It came to my attention this week that Noah's preschool class is being screened for kindergarten. I love that Noah is already at his big kid school. When Joey was in preschool, he went to a different place, and I had to take a day off of work and bring him in at an appointed time to be tested. Since I didn't know anybody yet, I sat on a chair outside the door, feeling afraid that he'd freeze up and somehow, they wouldn't know that he is special and smart and wonderful. I kept envisioning them swinging the door open wide, irate, screaming, "How could you think this child is suitable for our kindergarten program?" and poor, sweet Joey would be standing there, a new nightmarish memory burned in his brain forever.
That didn't happen, since it's a lovely, cheerful place where everyone is quite nice.
Anyway, none of these fears this time, right? Because Noah's been at this school all year and has already made his mark. At his Christmas concert, it's been said that he "stole the show" because he infused his own, creative big finish to the song his class sang--he swung his arms out wide and carried that last note at least twenty seconds longer than any other kid. At the very least, his preschool teacher would have mentioned to me by now if she thought he wasn't ready for the kindergarten program with which she is quite familiar.
So, yesterday, Noah and I were enjoying the beautiful Buffalo spring weather by having a picnic lunch in the front yard, when I casually asked, "Hey, Noah, did you happen to talk to the kindergarten teacher yesterday or today?"
Noah didn't even look up from his turkey sandwich. "Oh, yeah. Today."
This is my second preschooler, so I'm used to having to prod for more info. "What did you talk about?"
"Oh, Mom." He waved a hand dismissively. "We did some projects. She asked me some questions. It was all smart kid stuff."
This could either mean I'm too stupid to understand, or how could I be so stupid as to have to ask. It was probably a bit of both. Still, I needed more answers.
"What kind of projects? What kinds of questions?"
Noah rolled his eyes and huffed. I was clearly ruining the picnic. "I built with blocks, drew some pictures, wrote my name, and talked about shapes. I told you: smart kid stuff."
"Did she ask you Daddy's name?" I pressed.
"It's Joseph," he said. "Joseph Bielecki, like my brother."
"Yes. And his job? Do you know Daddy's job?"
He frowned a moment. "He counts numbers all day and makes money." When he says this, he doesn't mean that Daddy is the bread-winner. He believes that Joe literally makes money--the green paper stuff that ends up in banks and wallets. I figured this was satisfactory enough, that maybe it was even better than the word "accountant" which I'd filled out on the preliminary forms, since it was his own interpretive definition.
"And did they ask you about Mommy?"
"I know your name is Mary Pat. I also know you used to work, but now you don't, so that's a little confusing."

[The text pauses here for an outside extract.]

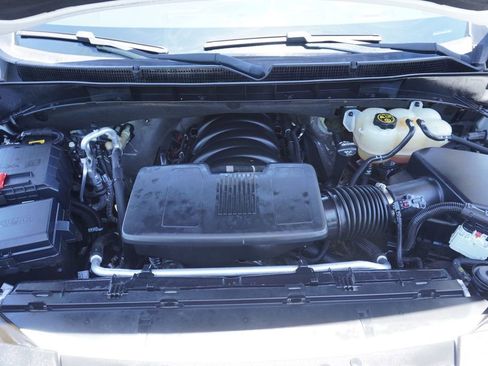 Used 2023 GMC Yukon SLT RWD image 8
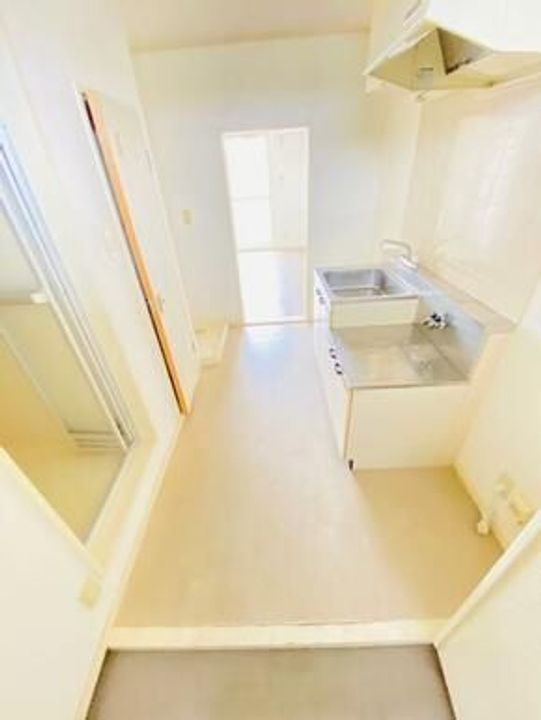 西ハイツ2の玄関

My heart beat a little faster. "But you do remember what Mommy's job is, right?"
He blanked. "Not really."
"Noah! It's your thing! You tell everyone I have eyes in the back of my head because of my job! Why do I need eyes in the back of my head?"

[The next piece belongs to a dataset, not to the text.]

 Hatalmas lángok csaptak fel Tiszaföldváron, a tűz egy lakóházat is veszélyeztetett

"Because you're secretly a superhero?"
WHAT???? Now I really started to panic. "Noah, what did you tell your teacher when she asked you all these questions?"
"Oh, that," he said, once again becoming dismissive. "Well, the thing is, Mom, she already knows us because she had Joey. So I figured, she already knew the answers and didn't really need me to tell her."
So. All my calm and cool about the kindergarten screening this time around? Right out the window. Once again, I'll be the nervous parent who raises her hand half-way to get the teacher's attention, and I'll have to ask in my squeaky timid voice, "Did he do okay?" because this time, I have real cause for concern. That little punk!